Intravitreal injections were performed on 100 adult Wistar rats (Charles River, Maastricht, The Netherlands), weighing approximately 250 g. Rats were anesthetized with fentanyl (0.5 mg/kg, intramuscularly) and midazolam (0.1 mg/kg, subcutaneously), along with local ocular anesthesia of 1 drop of 1% oxybuprocaine hydrochloride per injected eye. Three microliters of a solution of 0.1% BSA in PBS, containing 100 ng of recombinant rat VEGF₁₆₄ (564-RV; R&D Systems, Abingdon, UK) was injected into the vitreous in one eye of each rat, whereas the vehicle alone was injected into the vitreous of the contralateral eye, using a 50-μL syringe (Hamilton, Martinsried, Germany) fitted with a 30-gauge needle. After all air was cleared from the syringe and tubing, forceps were used to push the needle through the sclera of the rat eye at a level of approximately 2 mm posterior to the limbus through the pars plana at an angle that allowed the needle to enter the vitreous without damaging the lens. The rats were killed at 1, 6, 24, 48, and 72 hours after injection (20 rats at each time point) of a lethal dose of pentobarbital (intraperitoneally). On collection, all retinas were inspected for damage from the injection needle. All damaged retinas were excluded from the experiment. A maximum of two retinas per group were damaged. For RNA isolation, the eyes of 10 rats per group were rapidly enucleated, the anterior chambers were removed, and the retinas were carefully dissected, placed into 500 μL RNA extraction reagent (TRIzol; Invitrogen, Carlsbad, CA), and stored at −20°C until further processing. For Western blot analysis and immunohistochemistry, the eyes of eight rats per treatment group and four untreated rats were immediately enucleated, frozen in liquid nitrogen, and stored at −80°C until further processing. 

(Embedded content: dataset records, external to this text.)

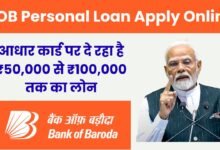 BOB Personal Loan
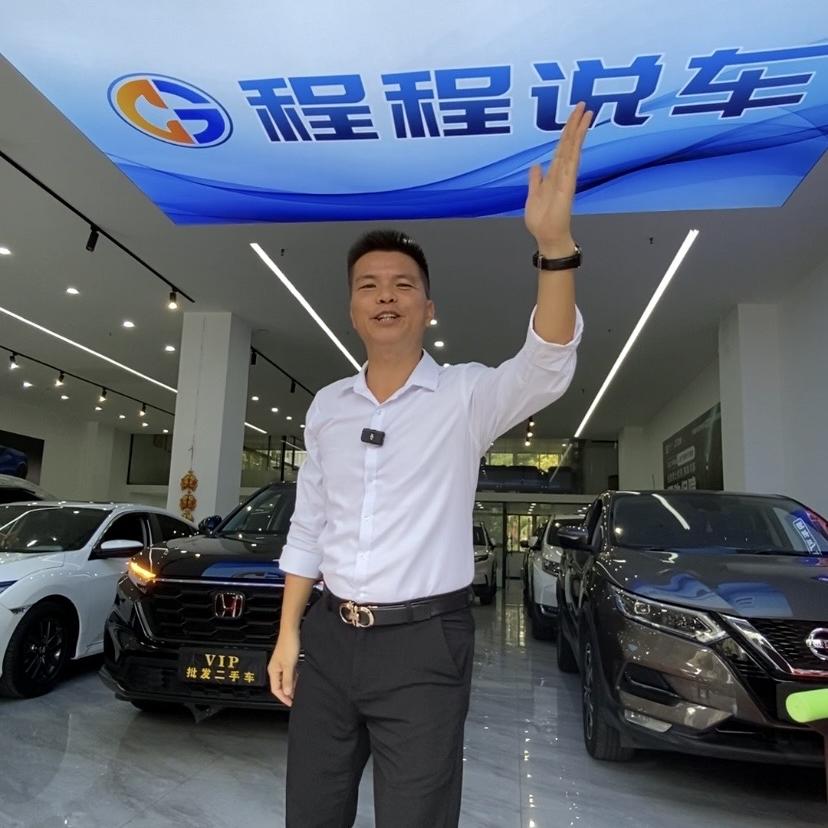 程程说车(国诚·程程)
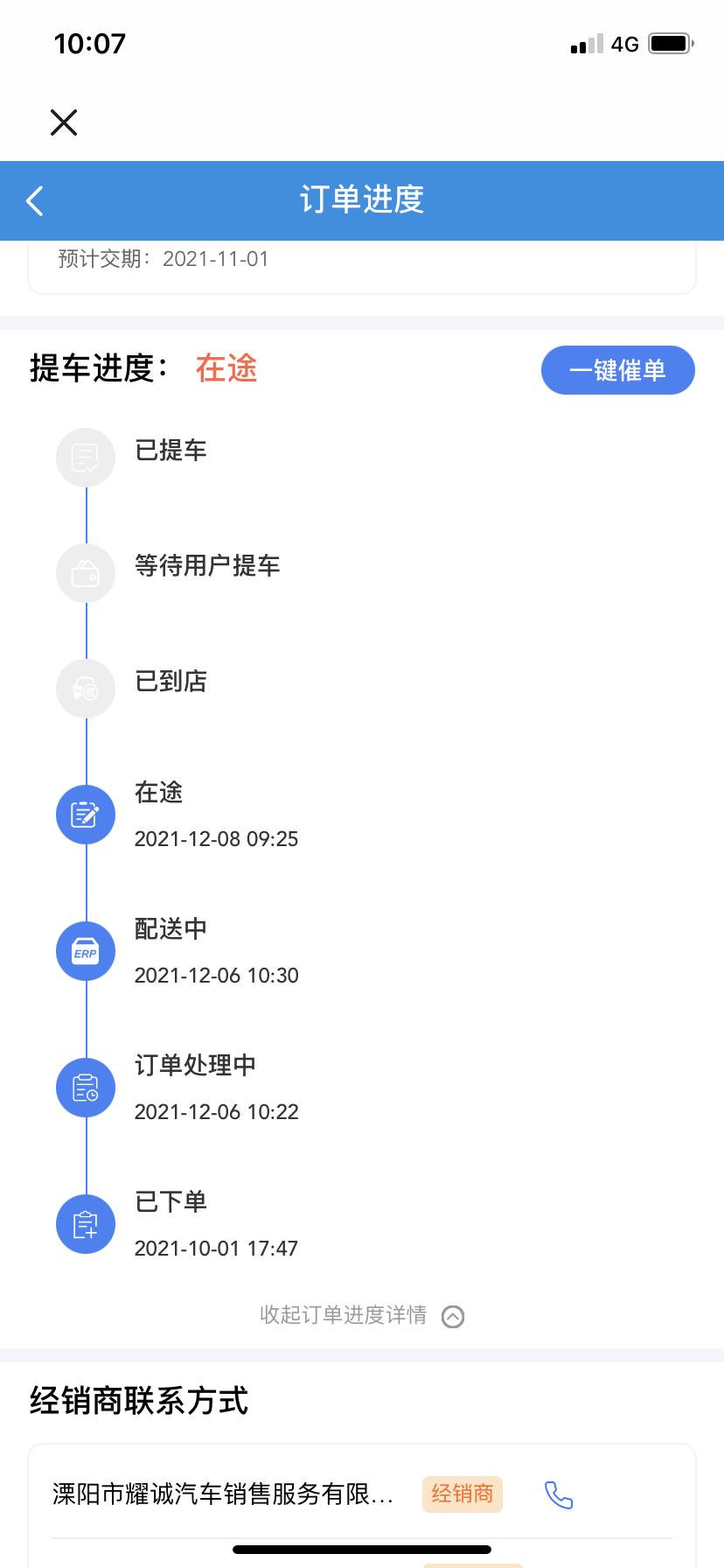 长安逸动 要十多天车才能到店里吗？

Total RNA was isolated from dissected retinas and bovine retinal cells in TRIzol reagent according to the manufacturer's instructions and dissolved in RNase-free water. The amount of total retinal RNA was approximately 12 μg/retina (spectrophotometric measurements at 260 nm), with no significant differences between the experimental groups. The integrity of the RNA samples was verified by electrophoresis (ExperionTM Automated Electrophoresis System; Bio-Rad, Hercules, CA). All samples had sharp ribosomal RNA bands with no sign of degradation. A 2-μg aliquot of total RNA was treated with DNase I (amplification grade; Invitrogen), reverse transcribed into first-strand cDNA with reverse transcriptase (Superscript II and the oligonucleotide oligo(dT)_12-18; Invitrogen). Details of the primers are given in Tables 1 and 2 . Specificity of the primers was confirmed by a nucleotide-nucleotide BLAST (http://www.ncbi.nlm.nih.gov/blast/index.shtml) search. The presence of a single PCR product was verified by both the presence of a single melting-temperature peak and detection of a single band of the expected size on a 3% agarose gel. 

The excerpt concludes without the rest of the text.